Here’s the thing: if there really is such a thing as miracles occurring in the world, then guess what? For all you know, someone spontaneously healing from a disease could be the result of an as of yet, undiscovered natural phenomena; at the same time, for all you know, someone finding their car keys after a quick prayer could be the result of supernatural intervention. Because, guess what? Once again, the deciding factor is not man’s knowledge, but God’s will.
Stop for a moment to think about the miracles, apparitions and divine interventions officially acknowledged by the Church as such, in a non-provisional manner. What do they have in common? Is it because the Church has exhausted all possible natural explanations for such occurrences? I mean, come on, its not like we can’t come up with a plausible explanation for virgin birth; heck, that’s the whole premise for the show “Jane the Virgin”, yet nobody’s rushing to label such an occurrence as a “miracle”.
No, the reason you accept these accounts is because you’ve gotten confirmation through the official channels. God, speaking through the Church and the Holy Spirit, has stepped up, so to speak, and claimed authorship for those words and deeds. The whole natural / supernatural divide does not enter the picture.
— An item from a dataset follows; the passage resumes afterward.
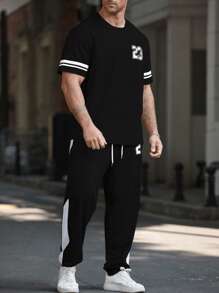 Manfinity Homme Bộ quần áo thun in số sọc màu tương phản cỡ lớn cho nam - màu đen - Xem 3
Bottom line is, if you’re going to presume the existence of the supernatural, then you have to accept that anything could have a supernatural causation; not just the things that challenge the current limits of human discovery, appeal to human confirmation biases, and are conveniently difficult for other humans to investigate and confirm.
Honestly… I’m not sure I’d discount that apparition. Maybe check that light is not reflecting off of, or through an etching of Our Lady, but… other than that… I’d definitely go ahead and take that image a a sign of grace.